CSG339 Information Retrieval

Project 1

Courtesy to James Allan http://www-ciir.cs.umass.edu/~allan/

Created: Wed 20 Sep 2006
Last modified:

Assigned: Thu 21 Sep 2006
Due: Thu 19 Oct 2006

Project 1 Q&A

Lemur details

Sample:q57_d3_laplace

Sample AP numbers per query

Sample AP for entire system (d=3)

Grading from previous years (not accurate)

This project requires that you use a server to build variations on a simple search engine. For each variation you will run and evaluate a number of queries.

Building an IR system

This project requires that you construct a search engine that can run queries on a corpus and return a ranked list of documents. Rather than having you build a system from the ground up, we are providing a Web interface to an existing search engine. That interface provides you with access to corpus statistics, document information, inverted lists, and so on. You will access it using the protocol, so can implement your project in any language that provides you with Web access, and can run it on any computer that has access to the Web. Computers in the CCISS department's will work, but you are more than welcome to use your own computer.
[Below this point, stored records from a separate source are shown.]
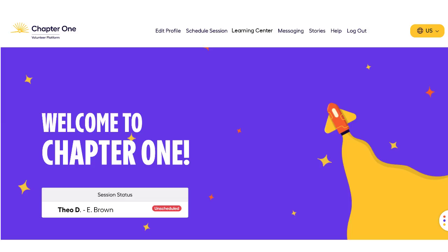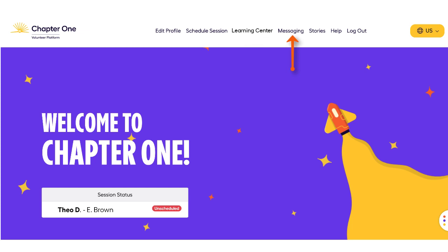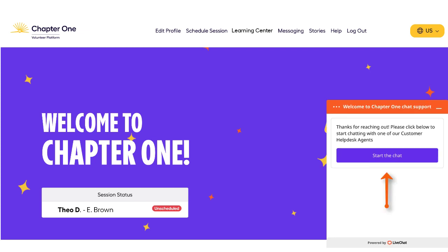Once you're signed in, you will be able to access a number of links across the top of the homepage that allow you to update your contact details, set your availability for the reading sessions, access a video library for support in getting started and other downloadable resources within our knowledge base, and send a direct message to your child's online reading volunteer.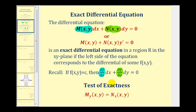The first step on these types of problems is to determine if the given differential equation is exact. The test for exactness is to see if the partial derivative of M with respect to y is equal to the partial derivative of N with respect to x. If this is true, we have an exact differential equation, and we solve it by finding f of x,y equals c using this connection.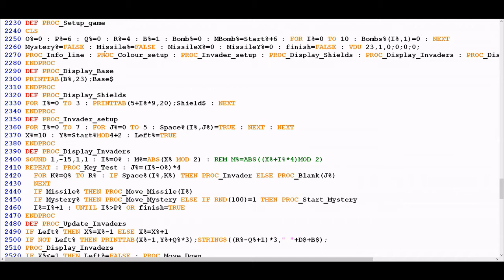At a high level we know what each one of these is doing. Info line is obviously drawing the area of the screen that controls the score at the top and the number of lives at the bottom. Colour setup is creating the colour bandings. Invader setup in combination with display invaders is drawing the grid of aliens. Display shields is obviously displaying the green shields that protect our player, and then proc display base is the procedure that draws the position of our character on the screen.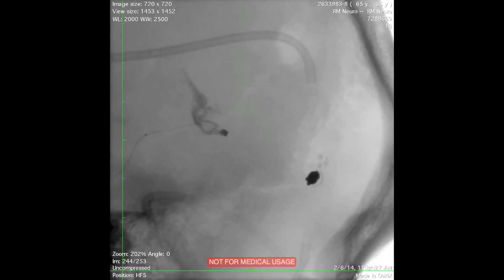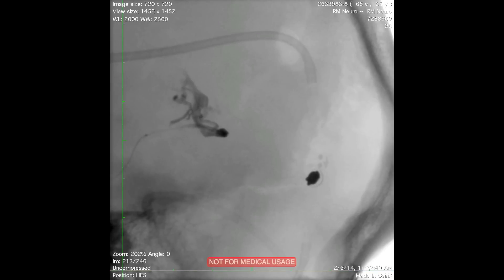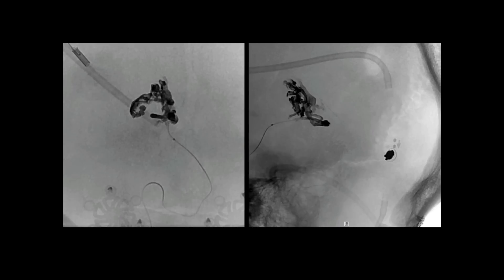An ONIX cast is obtained that conforms to the fistula pocket filling demonstrated during microcatheter injections. The embolization can continue over half an hour to sometimes as much as an hour to allow percolation into the correct fistula pocket. You can see ONIX getting into the accessory pockets associated with the fistula. This start-stop technique is used to allow the ONIX to polymerize and then find new pockets.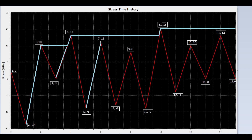Now we draw a line from valley 6 to peak 7. Is valley 8 higher than valley 6? Yes, continue. Is valley 10 higher than valley 6? No — the value of valley 10 equals to the value of valley 6. So stop here.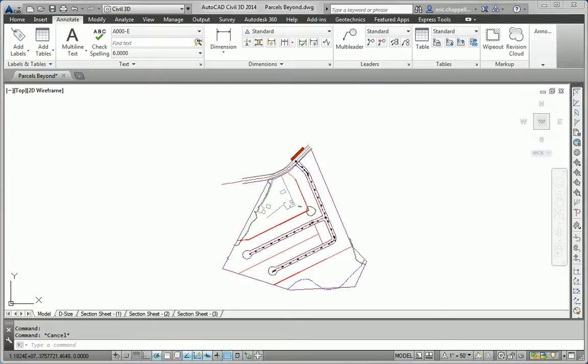Hello, my name is Eric Chappell, author of AutoCAD Civil 3D 2014 Essentials. And this is the Essentials and Beyond exercise for Chapter 12.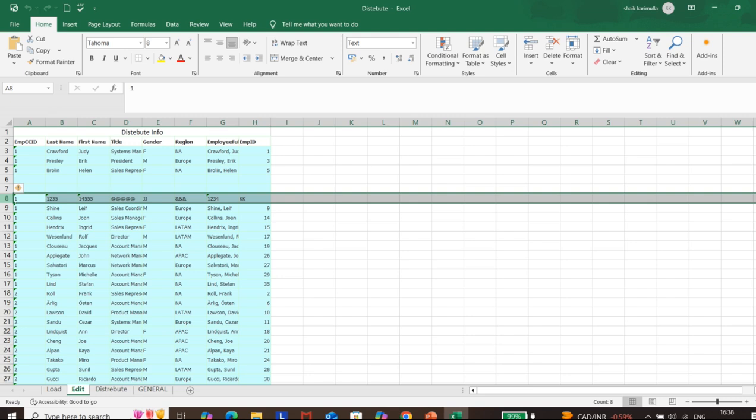Power BI has a very powerful ETL tool inside it which is known as the Power Query Editor. The Power Query Editor was built on the Power Query Engine, and it uses a functional language called M. M stands for mashup, meaning clean up or cleaning, and it is case sensitive in nature.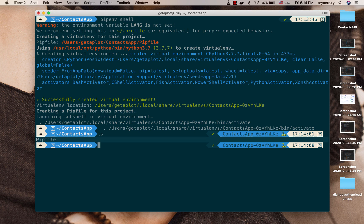And then it creates a pip file for the project. So now if I do ls you can see that we have a pip file. So this is going to be the one to keep track of our application dependencies. If you're familiar with JavaScript, this would be like your package.json but on the section of dependencies.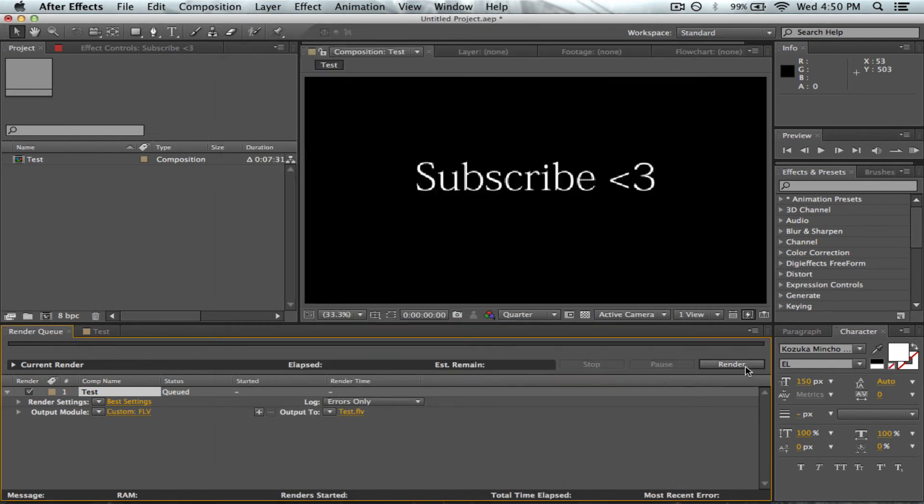Enjoy nice 1080p HD videos for YouTube. Thanks for watching and I'll catch you in the next one.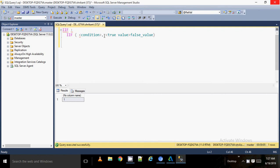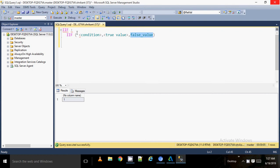This function requires three parameters: the first parameter is a condition, the second is a true value, and the third one is a false value. If the condition is true, it will return the second value — the true value. If the condition is false, it will return the third value — the false value. This function is very simple to use and will reduce the length of our code.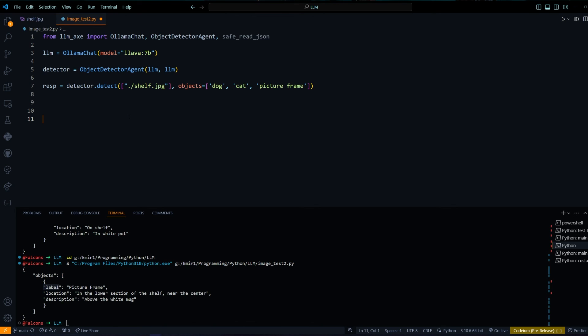I think you can also combine this method with a segmentation model so that you run segmentation first and then you run this on top of it. Then you can kind of put labels on the segmented objects inside of your image. You can look into that if you're interested about drawing bounding boxes on this.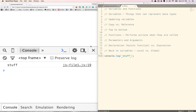Hello. In this video we're going to talk about variables and functions. We've kind of already been using these throughout the previous videos, but here we're just going to talk about them specifically. So let's start with variables.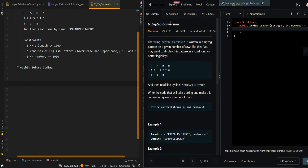In this video, we'll be going over zigzag conversion. The string is written in a zigzag pattern on a given number of rows. In this case, we're given three rows and we are trying to write this string into a zigzag pattern. We have P-A-Y, then P-A, then L-I-S-H-I-R-I-N-G, which is the input string.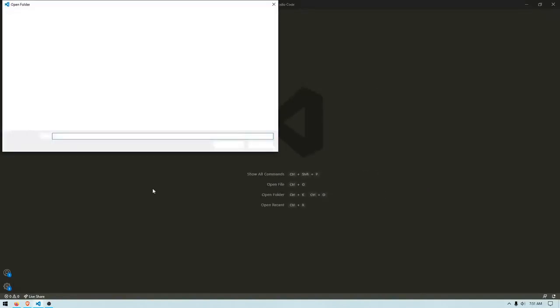And then I'm just going to do Open with Live Server. It should open that in Live Server. And then as you can see here, it opened it in a Live Server.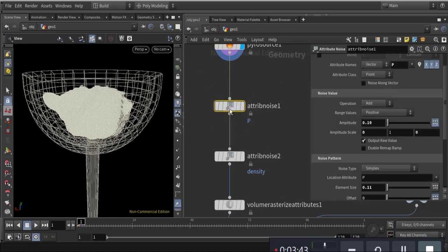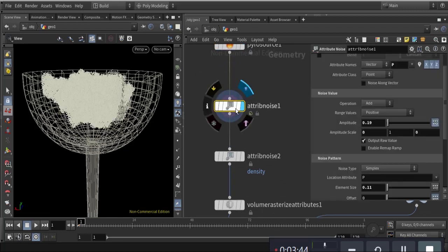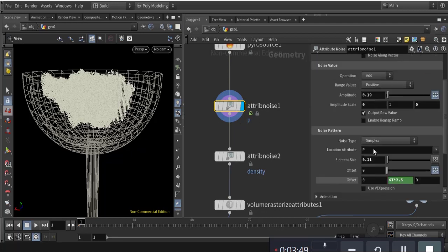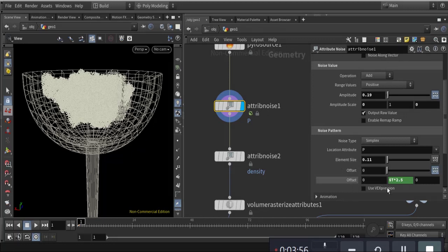I activate noise and the noise goes to position — it's positive. If you see the noise pattern, you can see the offset of element size made like that.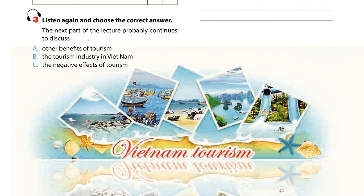Thanks to the widespread use of modern means of transport, people have more choice of holiday destination and can now visit even the remotest parts of the world. Tourism has certainly become an important factor in the development of many countries.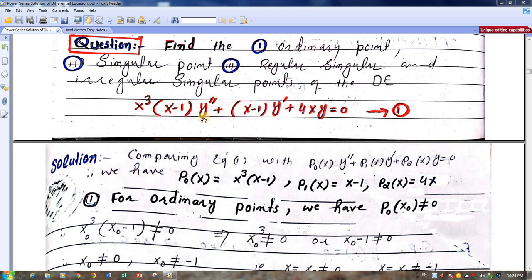Moreover, this is a differential equation with variable coefficients. By variable coefficients we mean the coefficients are polynomials in x. Here we have a coefficient polynomial in x. This polynomial in x, p0, is called p1 or p2. This is the standard form of the differential equation. If we compare both differential equations, we see that p0 is equal to this coefficient here, p1 is equal to x minus 1, and p2 is equal to 4x.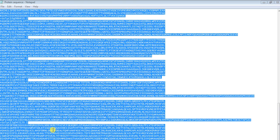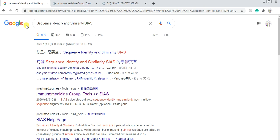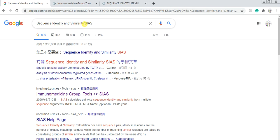Now open your browser in Google, write sequence identity and similarity, S-I-A-S, and open this link.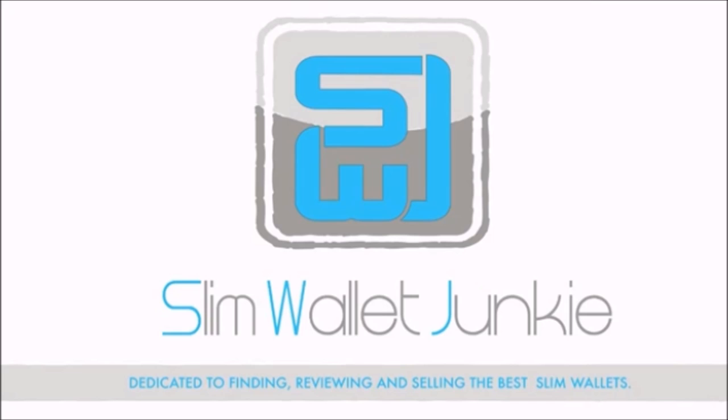Thank you for watching today's review of the Lothaco wallet. There will be a link in the description to their website where you can shop for it. Don't forget to check out our blog for the latest slim wallet news and reviews, and also check out the shop for the best slim wallets.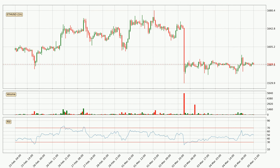Moving to the hourly relative strength index, the current hourly RSI is at 50, so there are currently no signs of the crypto being overbought or oversold. On the lookout for divergences in the hourly time frame, the price has already gone up owing to the last bullish divergence.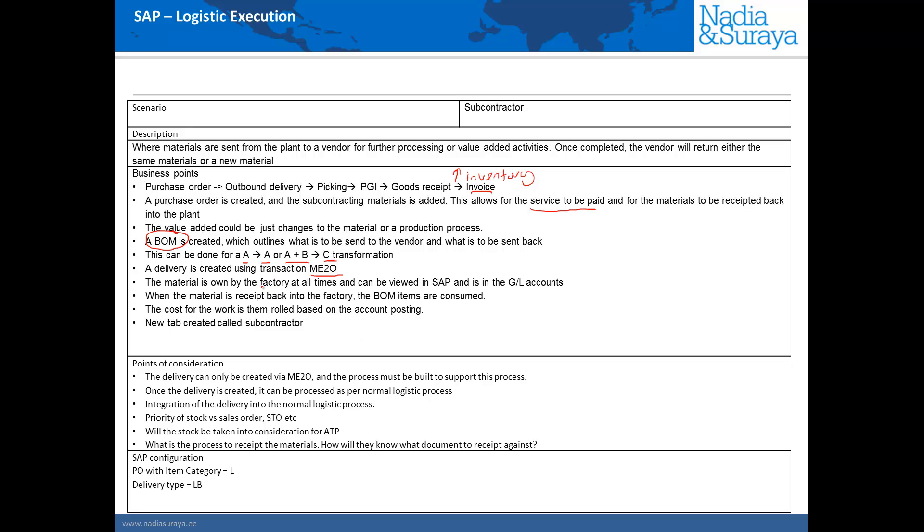The material that we send to the vendor is owned by the factory at all times and this can be seen in SAP and reflected in the GL account. This is an important characteristic of subcontracting. The material that we send to the vendor is actually owned by the plant at all times and never at any point is the ownership of the material transferred to the vendor.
One of the nice things about the CGI interface is that you can get an idea of what it does using any browser. For example, the following CGI command:

http://fiji4.ccs.neu.edu/~zerg/lemurcgi/lemur.cgi?v=encryption

will get you a list of the documents that contain the word "encryption". Go ahead and click on the link to see the output (in a separate window). It lists the number of times the term occurs in the collection (ctf), the total number of documents that contain it (df) and then, for each of the documents containing the term, it lists the documents id, it's length (in bytes), and the number of times the term occurs in that document.

The format is easy for a human to read and should be easy for you to write a parser for. However, to make it even simpler, the interface provides a "program" version of its interface that strips out all of the easy-to-read stuff and gives you a list of numbers that you have to decipher on your own (mostly it strips the column headings). Here is a variation of the link above that does that. Click on it to see the difference.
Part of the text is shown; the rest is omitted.